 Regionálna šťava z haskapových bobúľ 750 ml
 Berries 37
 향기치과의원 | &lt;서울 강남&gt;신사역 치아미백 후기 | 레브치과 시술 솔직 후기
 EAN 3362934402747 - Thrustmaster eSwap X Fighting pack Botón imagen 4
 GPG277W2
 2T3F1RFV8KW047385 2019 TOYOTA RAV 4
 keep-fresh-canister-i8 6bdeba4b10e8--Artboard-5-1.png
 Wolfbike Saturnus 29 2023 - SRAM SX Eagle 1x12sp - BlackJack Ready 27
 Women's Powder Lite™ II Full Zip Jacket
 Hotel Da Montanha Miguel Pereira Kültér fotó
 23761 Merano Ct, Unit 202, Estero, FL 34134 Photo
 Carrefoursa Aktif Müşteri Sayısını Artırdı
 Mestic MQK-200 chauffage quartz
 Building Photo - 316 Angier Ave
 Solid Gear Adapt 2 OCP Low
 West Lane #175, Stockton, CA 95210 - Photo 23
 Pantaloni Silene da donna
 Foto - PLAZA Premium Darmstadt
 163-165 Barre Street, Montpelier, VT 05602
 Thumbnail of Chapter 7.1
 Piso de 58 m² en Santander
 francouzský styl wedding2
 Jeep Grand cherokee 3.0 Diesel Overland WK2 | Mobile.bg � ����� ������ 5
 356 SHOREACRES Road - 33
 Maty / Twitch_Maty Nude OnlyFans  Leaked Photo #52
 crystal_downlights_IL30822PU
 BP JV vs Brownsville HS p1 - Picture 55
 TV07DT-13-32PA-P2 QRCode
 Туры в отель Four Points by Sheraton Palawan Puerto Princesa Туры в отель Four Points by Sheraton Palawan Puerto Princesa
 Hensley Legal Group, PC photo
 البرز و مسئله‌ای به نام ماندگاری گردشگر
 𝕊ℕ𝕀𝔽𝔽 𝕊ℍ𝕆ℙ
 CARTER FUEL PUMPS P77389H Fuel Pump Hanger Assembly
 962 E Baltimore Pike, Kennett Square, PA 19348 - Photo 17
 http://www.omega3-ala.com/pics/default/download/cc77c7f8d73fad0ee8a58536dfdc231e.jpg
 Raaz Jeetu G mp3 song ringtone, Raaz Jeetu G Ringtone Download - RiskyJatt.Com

========================================================================

EXERCISE BRIEF: Return every record, word for word.

EXERCISE OUTPUT:
 Regionálna šťava z haskapových bobúľ 750 ml
 Berries 37
 향기치과의원 | &lt;서울 강남&gt;신사역 치아미백 후기 | 레브치과 시술 솔직 후기
 EAN 3362934402747 - Thrustmaster eSwap X Fighting pack Botón imagen 4
 GPG277W2
 2T3F1RFV8KW047385 2019 TOYOTA RAV 4
 keep-fresh-canister-i8 6bdeba4b10e8--Artboard-5-1.png
 Wolfbike Saturnus 29 2023 - SRAM SX Eagle 1x12sp - BlackJack Ready 27
 Women's Powder Lite™ II Full Zip Jacket
 Hotel Da Montanha Miguel Pereira Kültér fotó
 23761 Merano Ct, Unit 202, Estero, FL 34134 Photo
 Carrefoursa Aktif Müşteri Sayısını Artırdı
 Mestic MQK-200 chauffage quartz
 Building Photo - 316 Angier Ave
 Solid Gear Adapt 2 OCP Low
 West Lane #175, Stockton, CA 95210 - Photo 23
 Pantaloni Silene da donna
 Foto - PLAZA Premium Darmstadt
 163-165 Barre Street, Montpelier, VT 05602
 Thumbnail of Chapter 7.1
 Piso de 58 m² en Santander
 francouzský styl wedding2
 Jeep Grand cherokee 3.0 Diesel Overland WK2 | Mobile.bg � ����� ������ 5
 356 SHOREACRES Road - 33
 Maty / Twitch_Maty Nude OnlyFans  Leaked Photo #52
 crystal_downlights_IL30822PU
 BP JV vs Brownsville HS p1 - Picture 55
 TV07DT-13-32PA-P2 QRCode
 Туры в отель Four Points by Sheraton Palawan Puerto Princesa Туры в отель Four Points by Sheraton Palawan Puerto Princesa
 Hensley Legal Group, PC photo
 البرز و مسئله‌ای به نام ماندگاری گردشگر
 𝕊ℕ𝕀𝔽𝔽 𝕊ℍ𝕆ℙ
 CARTER FUEL PUMPS P77389H Fuel Pump Hanger Assembly
 962 E Baltimore Pike, Kennett Square, PA 19348 - Photo 17
 http://www.omega3-ala.com/pics/default/download/cc77c7f8d73fad0ee8a58536dfdc231e.jpg
 Raaz Jeetu G mp3 song ringtone, Raaz Jeetu G Ringtone Download - RiskyJatt.Com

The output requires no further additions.